> _Task requirements_: Copy each line, word for word, from the one with "10 Essential Facts" through the final line of the listing, but skip the pictures.

● ● ● ● ● ● ●

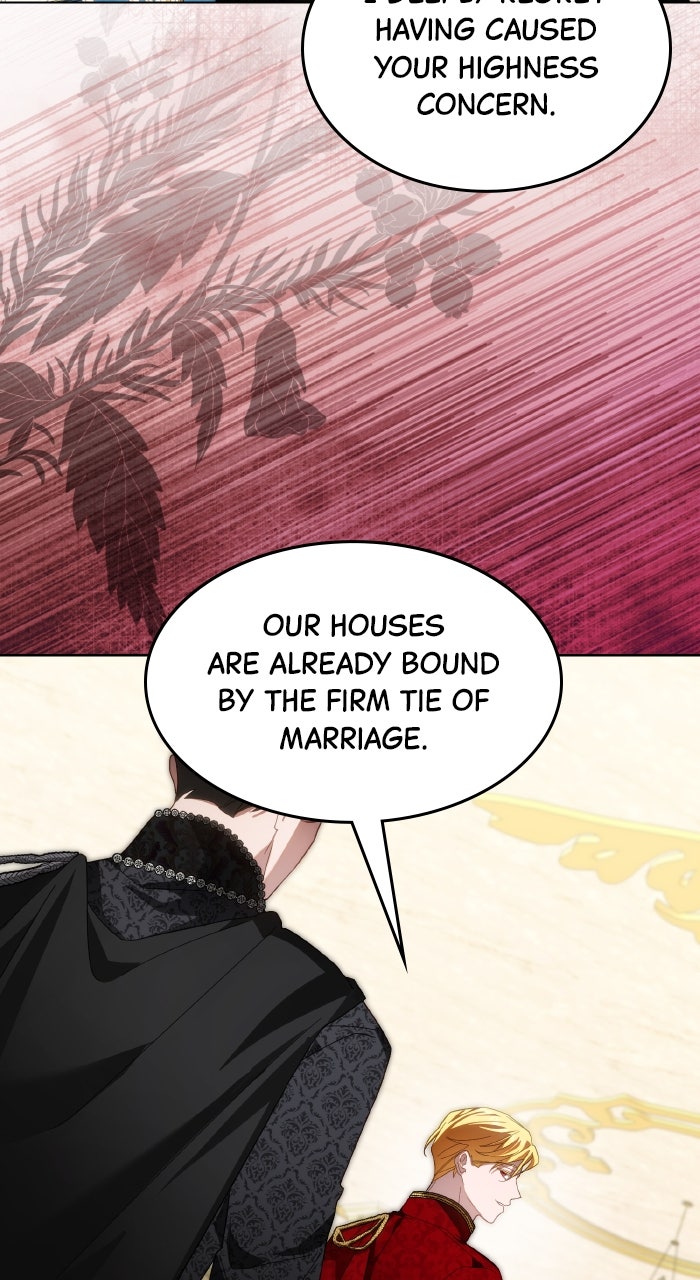 Read When the Archduke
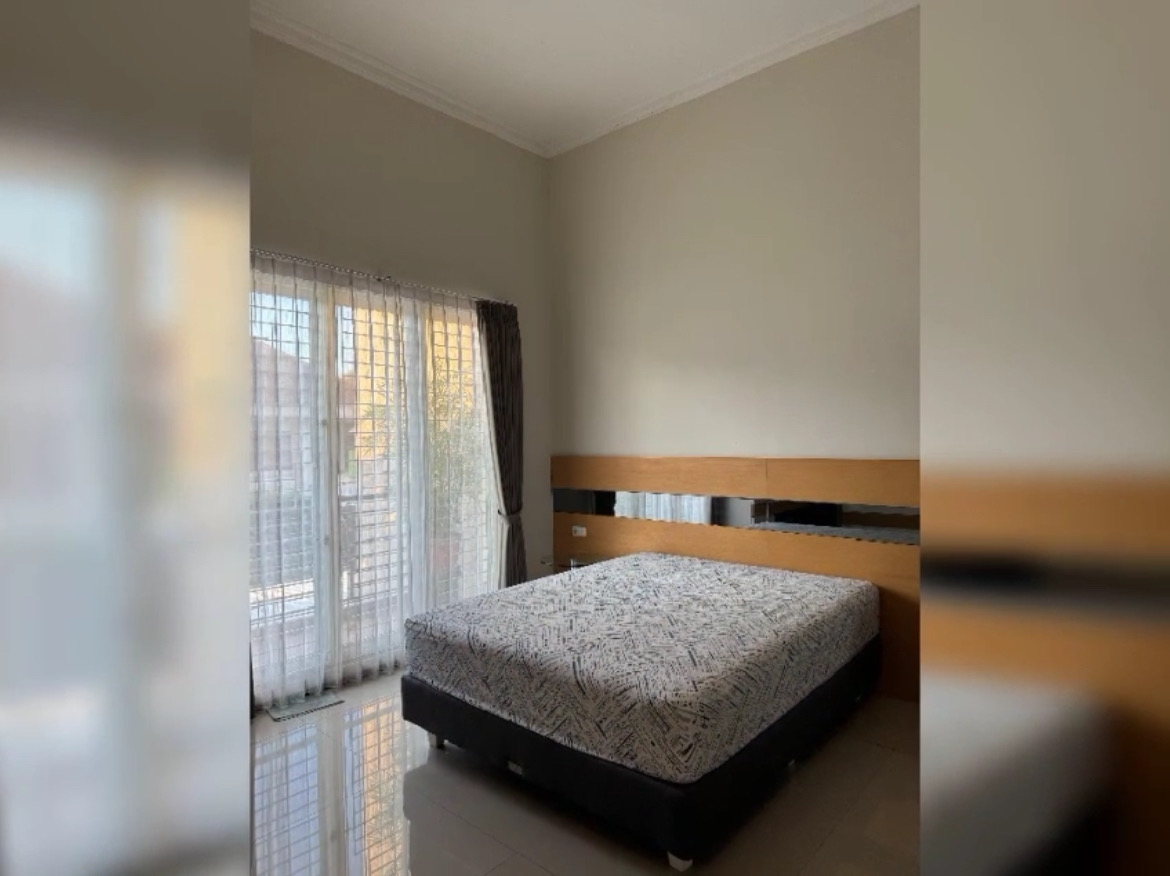 Detail Listing Properti Dealkan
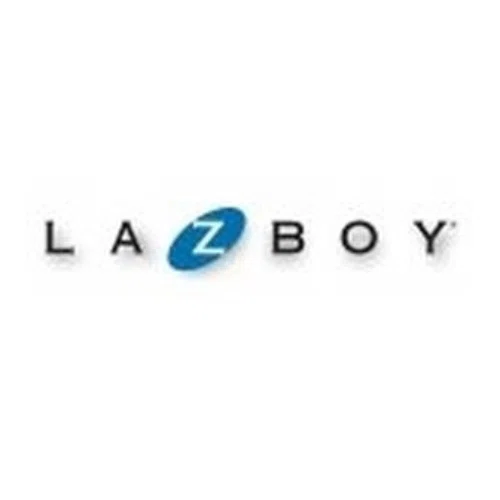 La Z Boy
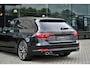 Audi A4 Avant 45 TFSI quattro S-line 245pk B&O Trekhaak Head-up Standkachel Keyless Carbon ACC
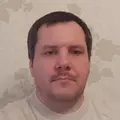 Я Алексей, 45, из Краснодара, ищу знакомство для совместных путешествий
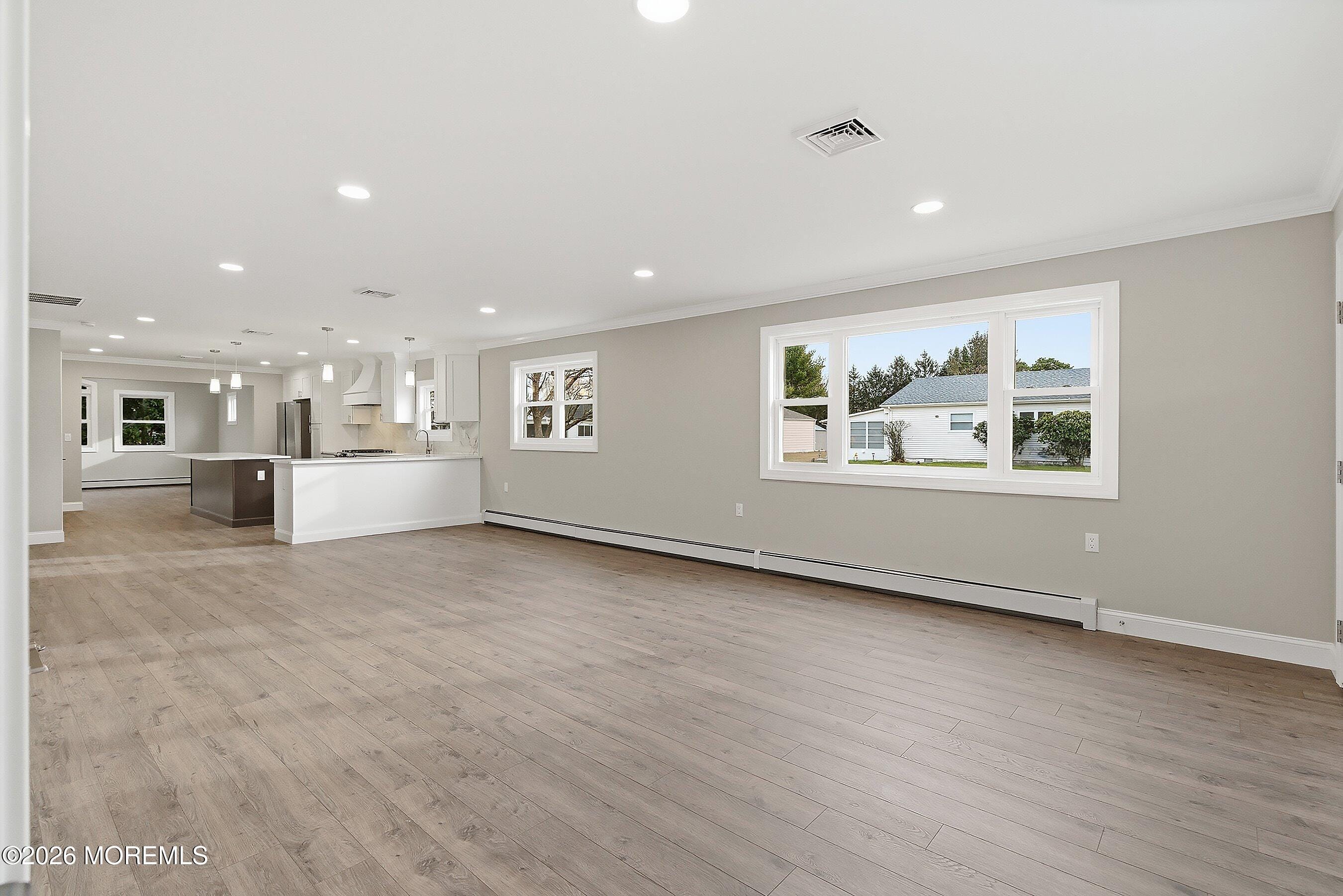 139 Torrey Pines Drive Image 5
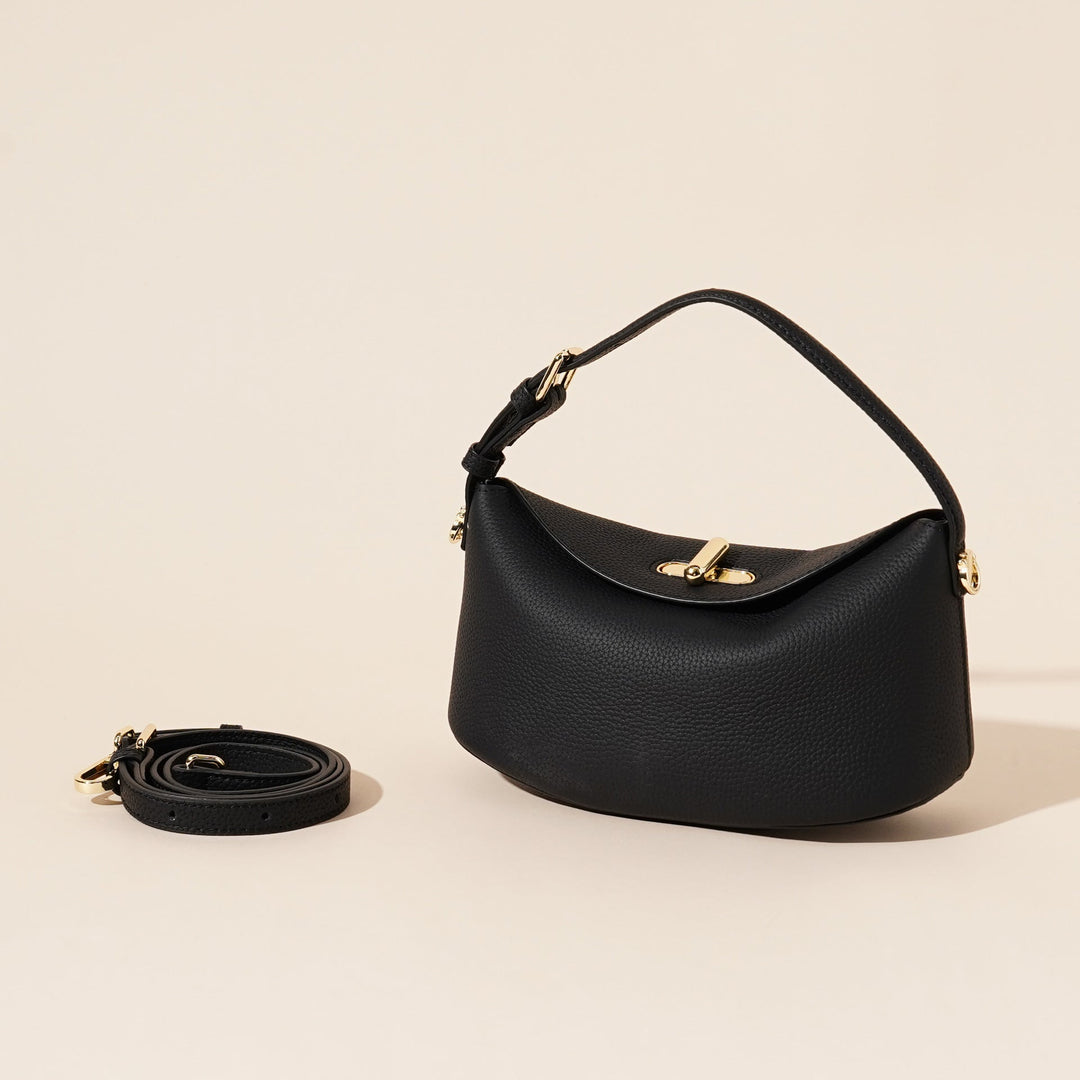 Sac Léandra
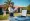 10 Essential Facts About Seller Closing Costs for Investors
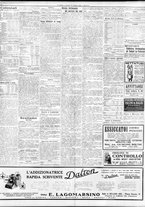 giornale/TO00195533/1931/Febbraio/148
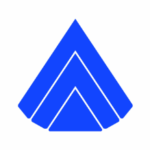 Logo Perusahaan Efkayaa Distributor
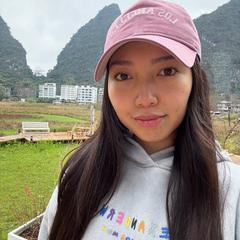 Diana_resale
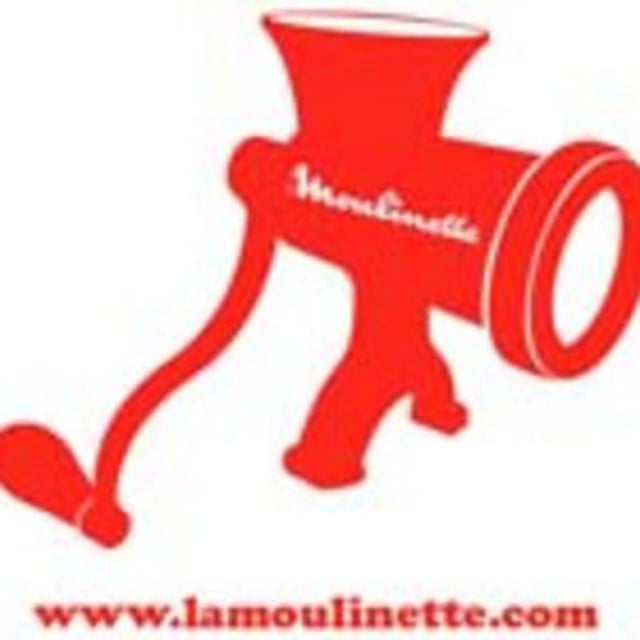 Y A Un Os Dans La Moulinette La Moulinette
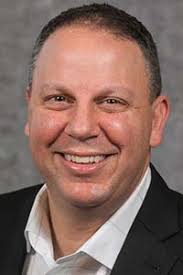 How to Cultivate Connection at Events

● ● ● ● ● ● ●

> _Result for this exercise_:
 10 Essential Facts About Seller Closing Costs for Investors
 giornale/TO00195533/1931/Febbraio/148
 Logo Perusahaan Efkayaa Distributor
 Diana_resale
 Y A Un Os Dans La Moulinette La Moulinette
 How to Cultivate Connection at Events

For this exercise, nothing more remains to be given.